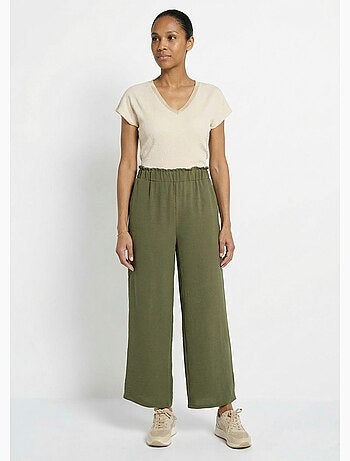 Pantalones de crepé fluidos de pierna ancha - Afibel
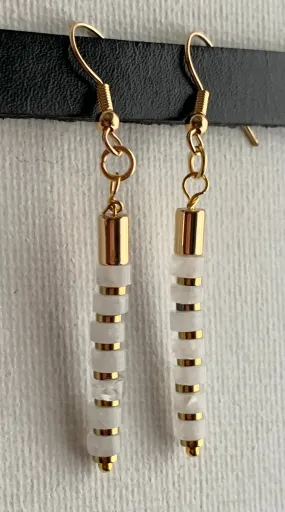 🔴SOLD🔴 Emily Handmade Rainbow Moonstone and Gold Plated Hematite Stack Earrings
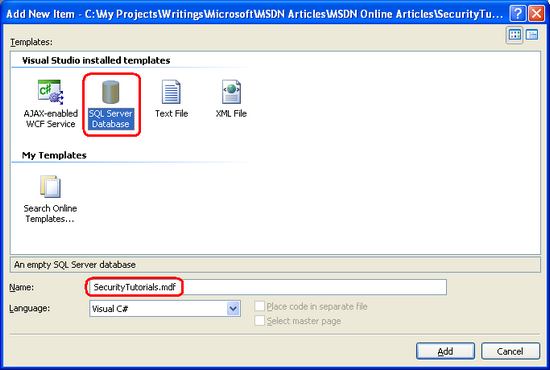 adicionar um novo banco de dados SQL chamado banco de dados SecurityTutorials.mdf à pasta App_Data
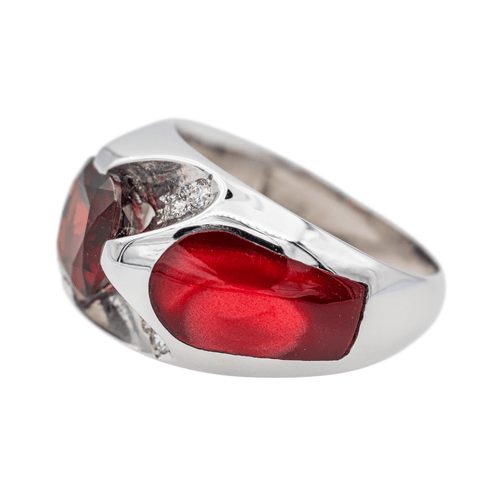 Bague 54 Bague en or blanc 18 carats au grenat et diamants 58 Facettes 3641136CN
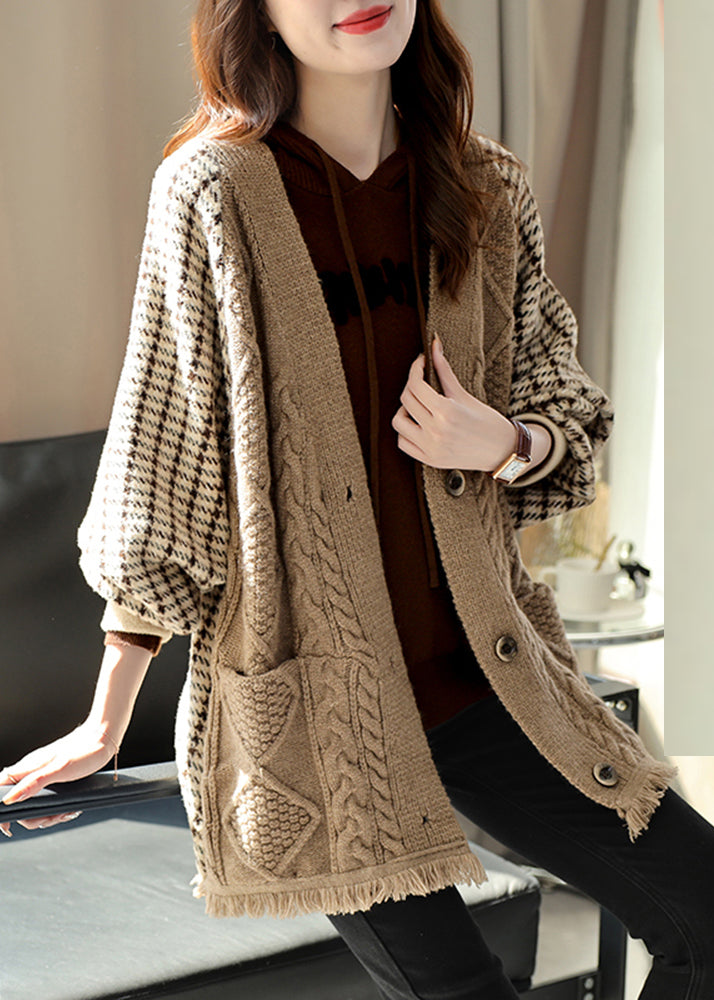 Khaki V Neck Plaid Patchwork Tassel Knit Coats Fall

·····

§ **PROBLEM REQUIREMENTS**
Only the lines from the one containing "Bague 54 Bague" through the end of the listing should be output, word for word and inclusive; keep pictures out.

§ **WRITTEN RESPONSE**
 Bague 54 Bague en or blanc 18 carats au grenat et diamants 58 Facettes 3641136CN
 Khaki V Neck Plaid Patchwork Tassel Knit Coats Fall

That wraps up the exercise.